◆ PROBLEM TO SOLVE
Begin at the line below that has "Albralelie's take on new rank sytstem". Stop after the line that has "Crisis en PAMI: La inflación", repeating each line exactly and leaving out the pictures.

◆ STORED DATA
━━━━━━━━━━━━━━━━━━━━
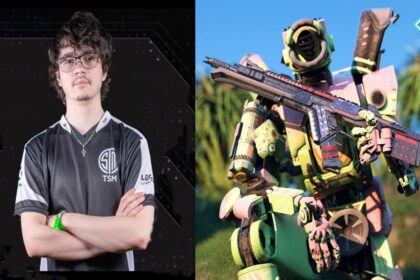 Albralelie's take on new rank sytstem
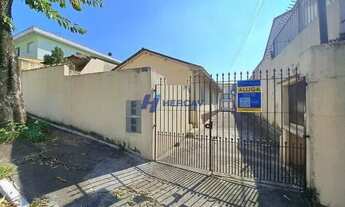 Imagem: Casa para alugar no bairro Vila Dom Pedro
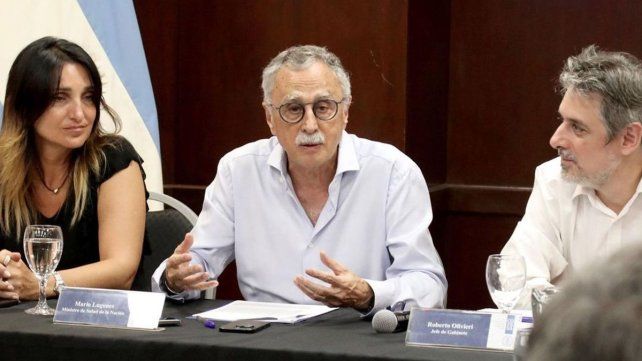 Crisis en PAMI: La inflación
━━━━━━━━━━━━━━━━━━━━
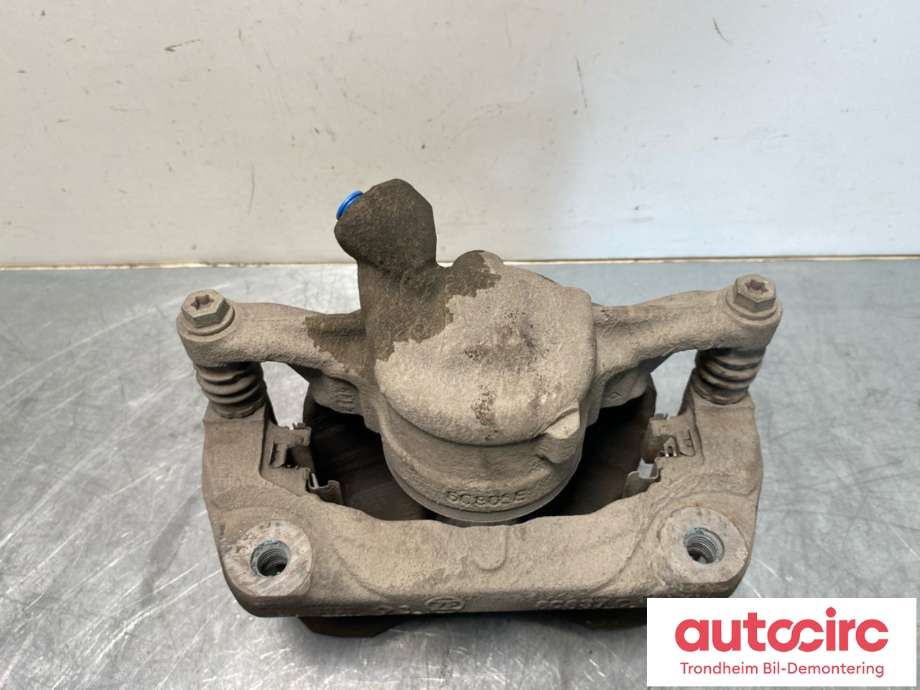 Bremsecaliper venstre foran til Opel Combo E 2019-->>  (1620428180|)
━━━━━━━━━━━━━━━━━━━━
◆ EXERCISE RESULT
 Albralelie's take on new rank sytstem
 Imagem: Casa para alugar no bairro Vila Dom Pedro
 Crisis en PAMI: La inflación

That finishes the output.